My feeling is that "A" is not used as an indefinite article but as the beginning of the alphabet. Sorry, I don't know how to explain it. A is the first letter, 1 is the first number. As TimLA specified right at the beginning, the term is simply a double reinforcement that has nothing to do with grammar.  I think you have to assume that, in this context, "A-number 1" means brilliant or the equivalent.


----------



## ectropion

ectropion said:


> @andym: Hai considerato l'ipotesi che quella A non sia un articolo indefinito ma una lettera dell'alfabeto, la prima, che indicherebbe la prima categoria, il top del top?
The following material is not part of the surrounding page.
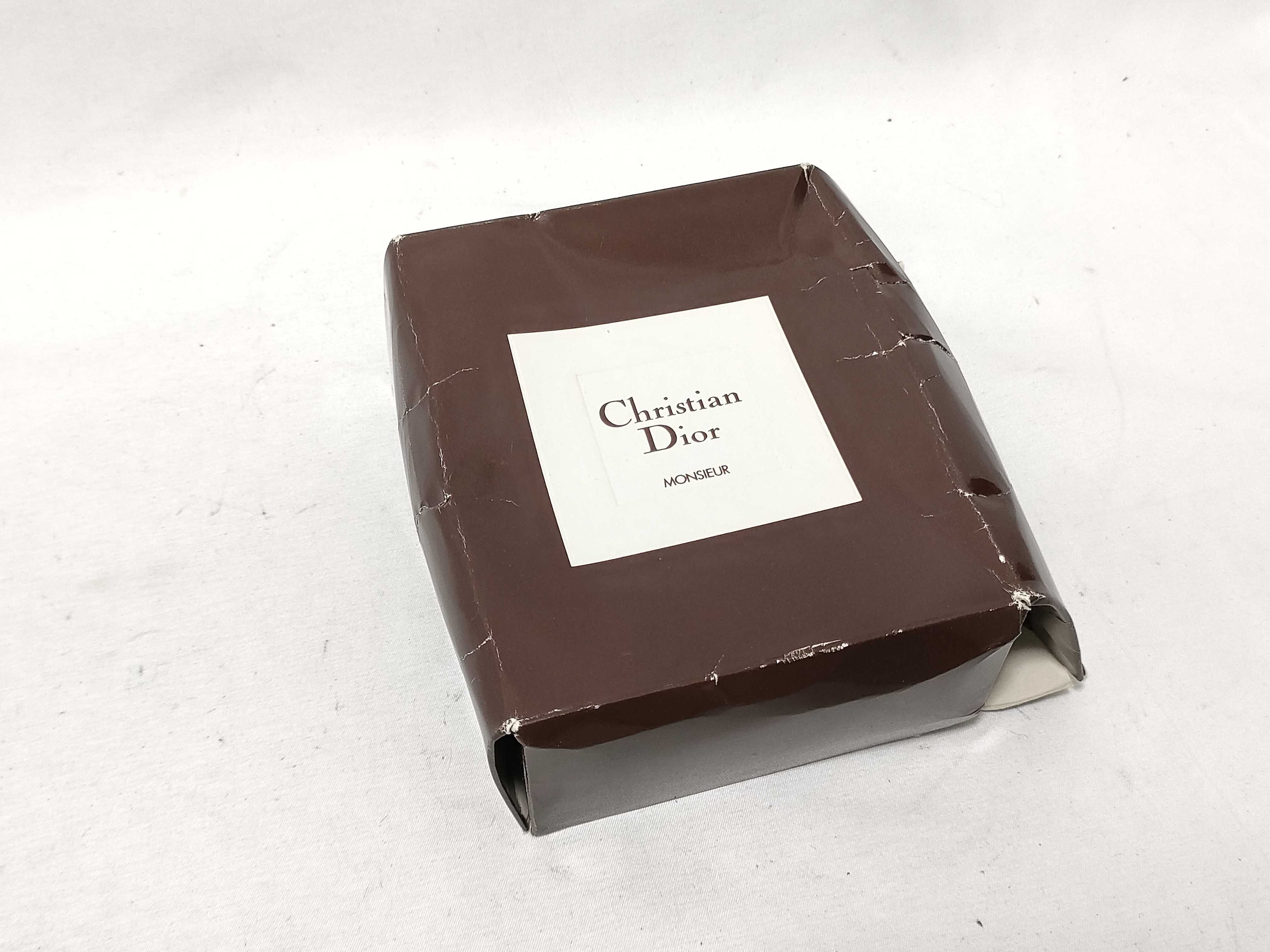 belt, in box, unopened. — view 10
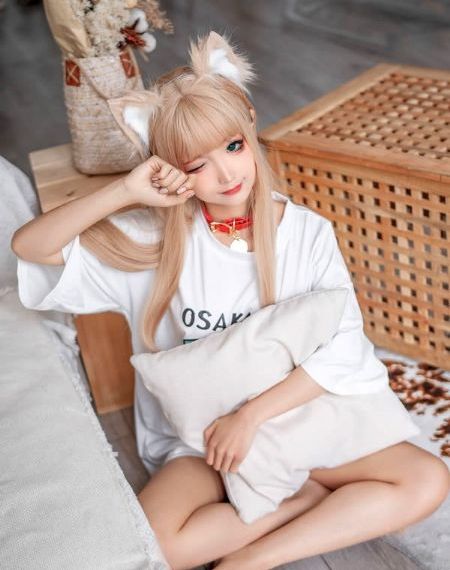 少妇把腿扒开让我添69式mv_视频全集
Nota che è usata la maiuscola...





andym said:


> Ectropion
> Yes you're absolutely right.
> Please accept my apologies (and CPA as well).
> Tim - I was misled by my initial Google search - as someone said I should have put the expression in quotation marks (I'm surprised it made such a difference to the results, but here you go). My comments were based on the mistaken belief that this was an expression that wasn't in use - not as to whether it is 'right' or 'wrong' - there are plenty of expressions that start off as common mistakes (which this one might or might not be) and end up as standard usage.


Esattamente: un "super-numero uno". I've already noted in a preceding post that the A could be the first letter of the alphabet and finally Andym understood our point, so I think there's nothing to add to this topic.


----------